Before getting started, make sure your butter and buttermilk are super cold. I like to cut my butter into pieces and measure my buttermilk and place both in the freezer while I measure the dry ingredients.
Preheat oven to 400F
In a large bowl combine flour, cornmeal, baking powder, baking soda and salt.
With a pastry cutter, cut in the butter, working until the butter chunks are pea sized.
Drizzle in the honey and buttermilk with a spatula until a dough starts to form. Knead dough by hand a little until the dough starts to take shape. It will be crumbly, but that's okay. Don't overwork it or the butter will melt.

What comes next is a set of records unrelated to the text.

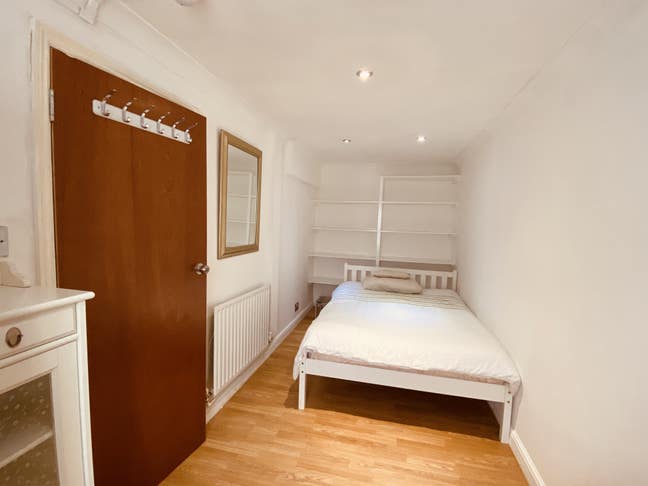 Great Double room £530, furnished. 2kitch,2bath Main Photo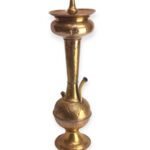 Brass hookah Crescent Royal with engraved floral patterns and crescent star top – 70 cm tall
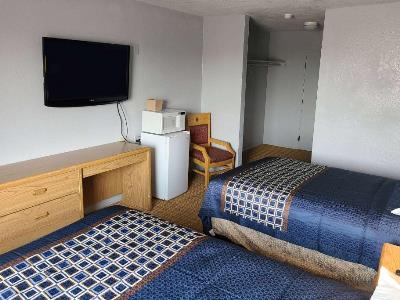 bedroom - hotel travelodge by wyndham stockton - stockton, united states of america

Turn out dough out onto a cutting board or countertop and pat into a one inch thick square. With a bench scraper, cut the dough into four sections.
Flour your work surface, then stack the dough pieces. Roll or pat dough into a one inch thick rectangle. Using the bench scraper, cut the dough into 8 square biscuits.
Line a sheet pan with parchment and evenly space the biscuits on top. Freeze for 15 minutes.
When ready to bake, brush the cornmeal biscuits with melted butter, then bake 20-25 minutes.
Notes
If you don't have a pastry cutter you can freeze butter and shred it with a coarse grater. Toss butter with flour mixture and process to the next step.